大画面に大写しになり画面いっぱいの大きな文字でMummy-Dとクレジットされる。林檎姫からもMummy-Dと紹介がある大スターMummy-Dと言った派手さで紹介される。ライブがあたかも映画か、TVかみたいに事細かに連動してキャストの紹介がされる。全くクレジットが出てこないBABYMETALと真逆、バックバンドやオーケストラですら、紹介されるわけで、その人材の扱い方に驚きを隠せない。Mummy-Dの魅力溢れるラップと椎名林檎より前面に出てショーを展開するELEVEN PLAY、AI、Bambinakaの艶やかさには脱帽である。ランウェイを颯爽と歩く、ダンサーが単なる引き立て役ではなく、主役、今まさに売り出し中のアーティストさながらにクレジットされる。
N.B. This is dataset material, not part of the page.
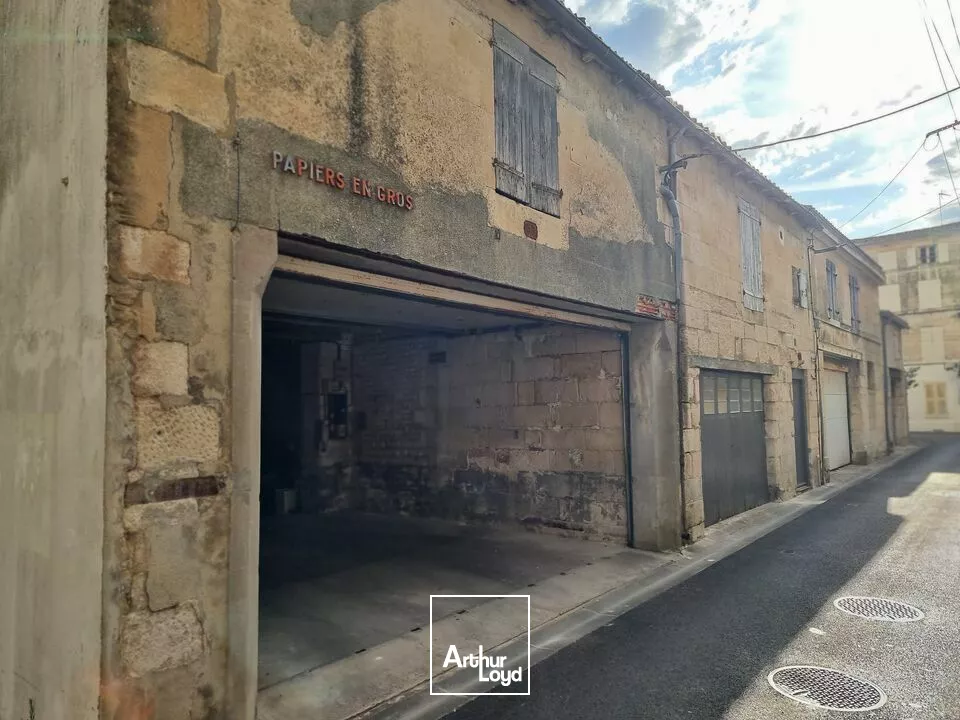 ENTREPOT DE 507 M2 - CENTRE VILLE DE NIORT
Mikikoと林檎という二つの類いまれなる強い才能が上手く合わさると、かくも強力なショーが出来上がるのかと驚いた。キレのあるダンスに華やかな衣装、女を存分に魅せる天才との融合で、若き彼女らに惹かれる、いつしか虜となる。


まさに彼女たちを売り出す為のショーと言っても過言ではなかった。大画面にクレジットされるEleven PlayのSAYA、KOHMEN、EMI、KAORIの4人とAI、BAMBIの2人、計6人のダンサーの姿と名前が巨大なスクリーンに大写しとなり、生林檎博のファーストインパクトとして脳裏に焼き付いた。経験豊富な彼女たちだけれど今正に旬、生々しくて初々しくて美しく感じた。一方、林檎は女として自分の失ったものを知り、一歩も二歩も引いて引き立て役に徹する。でもそこに確実に存在しているからこその安心感、それでも十分に示される存在感。このショーで唯一クレジットのない林檎が結局のところが主役であり、熱き視線を欲しいままに集める。僕らはショーを存分に楽しめて、そこから又新しい各アーティスト、共演者の魅力を楽しむ余裕が生まれる、「不惑の余裕」今回の正にツアータイトルさながら。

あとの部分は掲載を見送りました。